P2PU is Social Wrapper CartoonCC-BY-SA Alison Jean Cole

A few years ago, I had an idea: I wanted to travel around the world and meet interesting people who I could learn from in exchange for sharing my skills. I remember having the idea very vividly. I was on an airplane, as I often was back in those days, and I was scribbling as fast as I could in my notebook. There was going to be an online component to a mostly offline experience. People would be able to lend resources such as classrooms, domain knowledge, books, supplies, and equipment. I was convinced something like this should already exist, so I did what you'd expect, I scoured the net high and low. As I searched I came across a number of different communities and resources but couldn't find exactly what I was looking for.

Sure there was CouchSurfing, but that was mainly focused on the travel community with a very minor attempt at a skill sharing system. I also found things like MIT's Open Course Ware, but there was something lacking, the community, the people. In my searching I came across a new term, Open Education. I had long known of FLOSS, so the concept of open education was pretty natural to me. Further down the road I heard about the annual Open Education Conference, so in 2008, I attended. My trip was kindly funded by the William & Flora Hewlett Foundation based on my intent to share the idea. As it turned out, I wasn't alone in my thinking and I met Philipp, Stian, and Joel.
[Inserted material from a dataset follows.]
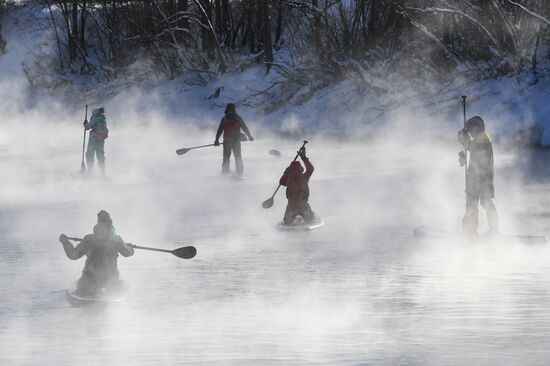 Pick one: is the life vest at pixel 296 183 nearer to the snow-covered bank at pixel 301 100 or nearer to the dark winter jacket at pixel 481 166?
the dark winter jacket at pixel 481 166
At this point, tons of ideas were brewing for all of us. There were a million directions that we could go. Different people had different ideas and we took a slow growth route in order to solidify what it was we were trying to accomplish.
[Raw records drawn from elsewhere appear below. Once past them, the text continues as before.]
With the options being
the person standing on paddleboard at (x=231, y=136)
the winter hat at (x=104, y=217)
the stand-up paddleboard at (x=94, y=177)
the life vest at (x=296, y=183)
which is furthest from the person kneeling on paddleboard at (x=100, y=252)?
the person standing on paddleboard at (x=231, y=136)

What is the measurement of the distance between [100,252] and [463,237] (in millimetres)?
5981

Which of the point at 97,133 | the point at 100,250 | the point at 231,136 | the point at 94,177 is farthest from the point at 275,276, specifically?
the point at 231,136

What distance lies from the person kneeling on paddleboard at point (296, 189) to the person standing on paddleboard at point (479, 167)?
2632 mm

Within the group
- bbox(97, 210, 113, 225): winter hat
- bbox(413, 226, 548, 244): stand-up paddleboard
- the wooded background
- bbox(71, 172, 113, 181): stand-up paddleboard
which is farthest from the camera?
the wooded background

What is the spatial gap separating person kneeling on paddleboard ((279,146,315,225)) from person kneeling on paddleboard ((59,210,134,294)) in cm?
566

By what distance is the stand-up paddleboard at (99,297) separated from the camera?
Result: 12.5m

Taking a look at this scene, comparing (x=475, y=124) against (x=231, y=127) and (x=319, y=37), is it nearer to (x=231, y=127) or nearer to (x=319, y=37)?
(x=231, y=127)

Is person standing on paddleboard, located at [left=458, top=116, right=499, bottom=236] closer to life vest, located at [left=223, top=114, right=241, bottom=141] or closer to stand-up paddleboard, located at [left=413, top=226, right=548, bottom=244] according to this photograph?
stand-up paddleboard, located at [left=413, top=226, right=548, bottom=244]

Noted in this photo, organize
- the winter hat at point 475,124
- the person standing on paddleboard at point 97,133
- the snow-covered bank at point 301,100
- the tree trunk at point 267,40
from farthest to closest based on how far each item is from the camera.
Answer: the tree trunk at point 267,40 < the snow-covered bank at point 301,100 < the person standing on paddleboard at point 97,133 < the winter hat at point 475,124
Fast forward two years and you've got Peer 2 Peer University, a thriving community of individuals passionate about learning. Our core values are clear. We're an open community for peer learning. We're here to facilitate learning groups and give participants the recognition they deserve. P2PU encourages experimentation, and I love experiments.
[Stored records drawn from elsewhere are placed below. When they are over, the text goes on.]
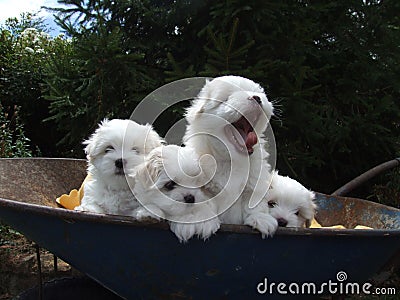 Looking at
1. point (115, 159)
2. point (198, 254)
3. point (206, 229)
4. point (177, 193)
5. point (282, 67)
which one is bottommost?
point (198, 254)

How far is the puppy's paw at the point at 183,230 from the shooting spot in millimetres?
1635

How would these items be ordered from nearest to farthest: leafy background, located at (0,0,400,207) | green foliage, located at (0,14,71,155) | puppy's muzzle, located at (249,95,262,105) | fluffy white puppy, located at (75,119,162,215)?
1. puppy's muzzle, located at (249,95,262,105)
2. fluffy white puppy, located at (75,119,162,215)
3. leafy background, located at (0,0,400,207)
4. green foliage, located at (0,14,71,155)

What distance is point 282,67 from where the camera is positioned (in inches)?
144

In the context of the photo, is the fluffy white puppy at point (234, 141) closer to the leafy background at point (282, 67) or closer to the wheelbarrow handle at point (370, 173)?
the wheelbarrow handle at point (370, 173)

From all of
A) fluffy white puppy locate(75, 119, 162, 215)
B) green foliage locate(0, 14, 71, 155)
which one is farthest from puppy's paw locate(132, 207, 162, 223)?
green foliage locate(0, 14, 71, 155)

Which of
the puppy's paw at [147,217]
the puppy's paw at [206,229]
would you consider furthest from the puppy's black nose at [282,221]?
the puppy's paw at [147,217]

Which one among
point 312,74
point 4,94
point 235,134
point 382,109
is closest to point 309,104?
point 312,74

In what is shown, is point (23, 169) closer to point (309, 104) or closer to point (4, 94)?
point (309, 104)

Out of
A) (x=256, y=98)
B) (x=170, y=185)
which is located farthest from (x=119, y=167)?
(x=256, y=98)

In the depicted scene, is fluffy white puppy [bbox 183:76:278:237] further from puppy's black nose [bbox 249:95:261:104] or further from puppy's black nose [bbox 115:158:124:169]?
puppy's black nose [bbox 115:158:124:169]

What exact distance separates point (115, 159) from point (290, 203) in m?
0.82

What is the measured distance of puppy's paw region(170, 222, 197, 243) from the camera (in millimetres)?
1635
As of now we've run more than twenty courses in two cycles. In the most recent cycle, I organized my first course, Mashing Up the Open Web. Mashing up The Open Web is the first course in a series of Open Web courses that we're working on in conjunction with Mozilla as part of the Drumbeat initiative. I'll save the details for a later post, but I will say that the course was an amazing success and that I absolutely enjoyed every minute of it. I've always had the idea of becoming a teacher in the back of my mind, P2PU has helped me prove that idea is a good one.